# Reinforcement Learning 3: Finite Markov Decision Processes (part-1)

Learning along the way …..

# Markov Chains and Markov Process

According to Wikipedia,

“A

Markov chainis a stochastic model describing a sequence of possible events in which the probability of each event depends only on the state attained in the previous event”.

**Andrey Andreyevich Markov **was a phenomenal Russian mathematician who is best known for his work on stochastic processes. In probability theory , any process with which some randomness is associated is called stochastic process. Markov chain talks about a sequence of events in which the probability of every event depends on its previous event. For example if there is a sequence of events like e1, e2, e3, e4, e5, e6…….. whose corresponding states are s1, s2, s3, s4, s5, s6….. respectively then the probability of occurrence of event say e5 corresponding to state s5 depends only on state s4 of event e4.

Thus mathematically,

P(s5|s4) = P(s5|s4,s3,s2,s1)

Yes, the vertical line in above equation has the same meaning of conditional probability. Thus s4 is the present state and P(s5|s4) is the probability of occurrence of s5. So the probability of state s5 given s4 has occurred is same as probability of state s5 given s4,s3,s2 and s1 has occurred. Thus to predict s5, s4 is enough and the information associated with s3, s2 and s1 is not necessary. Such a sequence of possible events is called as Markov chain. A simple example of Markov chain is a game of snakes and ladders which is played with a dice. Every next move in such a game depends on its current state(position) and not on previous states.

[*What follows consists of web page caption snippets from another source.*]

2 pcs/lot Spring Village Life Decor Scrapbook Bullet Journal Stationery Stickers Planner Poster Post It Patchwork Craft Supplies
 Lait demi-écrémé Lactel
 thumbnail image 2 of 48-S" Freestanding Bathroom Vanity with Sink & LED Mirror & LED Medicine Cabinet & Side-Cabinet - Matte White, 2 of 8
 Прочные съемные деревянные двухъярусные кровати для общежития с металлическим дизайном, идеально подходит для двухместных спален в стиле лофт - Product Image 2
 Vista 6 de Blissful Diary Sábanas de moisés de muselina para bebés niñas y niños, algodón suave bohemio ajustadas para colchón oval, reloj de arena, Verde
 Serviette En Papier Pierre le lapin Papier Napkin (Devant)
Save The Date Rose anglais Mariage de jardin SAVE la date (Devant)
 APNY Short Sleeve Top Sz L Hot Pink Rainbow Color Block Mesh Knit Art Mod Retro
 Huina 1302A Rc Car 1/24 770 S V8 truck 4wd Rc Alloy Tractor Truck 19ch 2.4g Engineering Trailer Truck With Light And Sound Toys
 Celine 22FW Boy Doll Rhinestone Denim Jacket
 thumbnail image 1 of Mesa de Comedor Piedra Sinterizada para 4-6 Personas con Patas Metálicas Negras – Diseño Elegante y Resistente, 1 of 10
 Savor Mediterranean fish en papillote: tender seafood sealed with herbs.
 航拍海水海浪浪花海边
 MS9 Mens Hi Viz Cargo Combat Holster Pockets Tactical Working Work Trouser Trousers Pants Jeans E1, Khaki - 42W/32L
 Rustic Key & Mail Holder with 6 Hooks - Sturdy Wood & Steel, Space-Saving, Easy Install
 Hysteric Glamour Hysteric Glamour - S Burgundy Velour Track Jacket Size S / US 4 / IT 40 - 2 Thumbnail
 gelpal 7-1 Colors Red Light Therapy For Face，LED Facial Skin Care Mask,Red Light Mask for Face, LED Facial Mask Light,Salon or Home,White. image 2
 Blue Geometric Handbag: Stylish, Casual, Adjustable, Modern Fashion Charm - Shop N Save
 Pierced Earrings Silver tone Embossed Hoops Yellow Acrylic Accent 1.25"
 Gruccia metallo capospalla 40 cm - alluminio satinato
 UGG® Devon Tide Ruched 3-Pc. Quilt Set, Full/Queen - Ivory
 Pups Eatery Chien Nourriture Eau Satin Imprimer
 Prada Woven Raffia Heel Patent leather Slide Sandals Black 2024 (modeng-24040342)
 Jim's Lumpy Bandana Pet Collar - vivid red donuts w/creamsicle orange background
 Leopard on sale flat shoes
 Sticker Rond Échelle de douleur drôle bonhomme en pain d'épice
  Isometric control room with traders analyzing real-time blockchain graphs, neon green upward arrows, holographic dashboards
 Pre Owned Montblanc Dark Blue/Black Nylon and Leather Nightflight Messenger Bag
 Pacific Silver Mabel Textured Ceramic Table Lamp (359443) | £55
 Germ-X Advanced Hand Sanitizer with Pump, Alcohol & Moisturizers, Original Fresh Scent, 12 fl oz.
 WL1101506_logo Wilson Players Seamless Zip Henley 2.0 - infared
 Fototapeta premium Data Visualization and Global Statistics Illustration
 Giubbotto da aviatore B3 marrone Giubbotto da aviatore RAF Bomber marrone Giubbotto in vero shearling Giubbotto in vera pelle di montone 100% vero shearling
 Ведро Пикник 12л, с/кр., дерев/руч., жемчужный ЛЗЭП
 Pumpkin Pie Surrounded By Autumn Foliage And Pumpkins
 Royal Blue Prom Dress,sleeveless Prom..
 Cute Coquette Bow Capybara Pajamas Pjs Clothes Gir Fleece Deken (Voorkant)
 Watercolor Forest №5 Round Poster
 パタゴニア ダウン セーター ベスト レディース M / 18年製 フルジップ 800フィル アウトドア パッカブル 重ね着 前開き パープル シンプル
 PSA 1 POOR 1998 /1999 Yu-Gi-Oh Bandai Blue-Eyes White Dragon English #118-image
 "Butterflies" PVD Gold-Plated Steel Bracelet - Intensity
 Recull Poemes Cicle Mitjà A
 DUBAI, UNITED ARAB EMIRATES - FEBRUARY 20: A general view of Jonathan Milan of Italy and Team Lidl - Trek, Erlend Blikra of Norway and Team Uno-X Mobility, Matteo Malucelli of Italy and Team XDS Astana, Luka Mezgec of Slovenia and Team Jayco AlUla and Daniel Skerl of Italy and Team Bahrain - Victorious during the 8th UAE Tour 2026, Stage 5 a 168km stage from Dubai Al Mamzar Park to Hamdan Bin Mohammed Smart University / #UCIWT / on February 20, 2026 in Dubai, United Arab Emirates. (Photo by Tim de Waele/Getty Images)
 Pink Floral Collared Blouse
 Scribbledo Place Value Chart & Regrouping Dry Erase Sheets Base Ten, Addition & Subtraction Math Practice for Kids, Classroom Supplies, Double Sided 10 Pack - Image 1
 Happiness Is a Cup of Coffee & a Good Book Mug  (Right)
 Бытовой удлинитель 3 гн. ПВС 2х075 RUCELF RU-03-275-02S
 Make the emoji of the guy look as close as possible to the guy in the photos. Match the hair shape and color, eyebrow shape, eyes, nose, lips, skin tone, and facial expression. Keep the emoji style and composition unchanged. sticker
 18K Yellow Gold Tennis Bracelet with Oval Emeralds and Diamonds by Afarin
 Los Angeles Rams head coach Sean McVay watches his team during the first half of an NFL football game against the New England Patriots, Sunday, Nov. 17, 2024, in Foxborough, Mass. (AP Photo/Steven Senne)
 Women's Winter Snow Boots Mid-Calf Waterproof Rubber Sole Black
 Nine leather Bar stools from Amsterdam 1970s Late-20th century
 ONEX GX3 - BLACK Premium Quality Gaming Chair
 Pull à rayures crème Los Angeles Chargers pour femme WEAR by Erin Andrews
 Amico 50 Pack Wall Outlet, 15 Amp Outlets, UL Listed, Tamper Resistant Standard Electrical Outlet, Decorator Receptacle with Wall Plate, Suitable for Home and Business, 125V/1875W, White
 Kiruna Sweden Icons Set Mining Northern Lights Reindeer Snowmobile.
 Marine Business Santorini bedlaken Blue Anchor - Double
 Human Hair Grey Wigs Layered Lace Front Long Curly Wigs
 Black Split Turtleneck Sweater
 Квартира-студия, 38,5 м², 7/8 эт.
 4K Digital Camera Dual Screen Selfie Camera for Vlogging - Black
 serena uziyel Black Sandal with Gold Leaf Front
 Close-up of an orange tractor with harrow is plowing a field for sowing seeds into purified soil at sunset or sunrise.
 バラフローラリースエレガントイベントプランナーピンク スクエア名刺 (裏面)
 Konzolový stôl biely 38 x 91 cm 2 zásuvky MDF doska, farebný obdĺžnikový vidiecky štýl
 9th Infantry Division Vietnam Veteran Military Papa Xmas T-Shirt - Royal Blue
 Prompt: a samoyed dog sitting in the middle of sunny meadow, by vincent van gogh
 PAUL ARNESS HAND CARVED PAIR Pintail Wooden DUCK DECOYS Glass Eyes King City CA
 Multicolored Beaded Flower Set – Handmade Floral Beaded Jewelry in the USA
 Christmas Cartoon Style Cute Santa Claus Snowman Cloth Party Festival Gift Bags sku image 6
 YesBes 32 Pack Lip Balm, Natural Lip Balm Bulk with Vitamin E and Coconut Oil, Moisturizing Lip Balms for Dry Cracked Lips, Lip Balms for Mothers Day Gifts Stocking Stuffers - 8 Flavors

The same concept can be applied to a Markov process.

According to Wikipedia,

A stochastic process has the Markov property if the conditional probability distribution of future states of the process (conditional on both past and present values) depends only upon the present state; that is, given the present, the future does not depend on the past. A process with this property is said to be

Markovianor aMarkov process.

Thus a process in which the occurrence of future states depends only on the present state and not on the past states.

# Markov Decision Process

According to Wikipedia,

In mathematics, a

Markov decision process(MDP) is a discrete-time stochastic control process. It provides a mathematical framework for modeling decision making in situations where outcomes are partly random and partly under the control of a decision maker.At each time step, the process is in some state s and the decision maker may choose any action a that is available in state s. The process responds at the next time step by randomly moving into a new state s ′ and giving the decision maker a corresponding reward R( s , s ′ )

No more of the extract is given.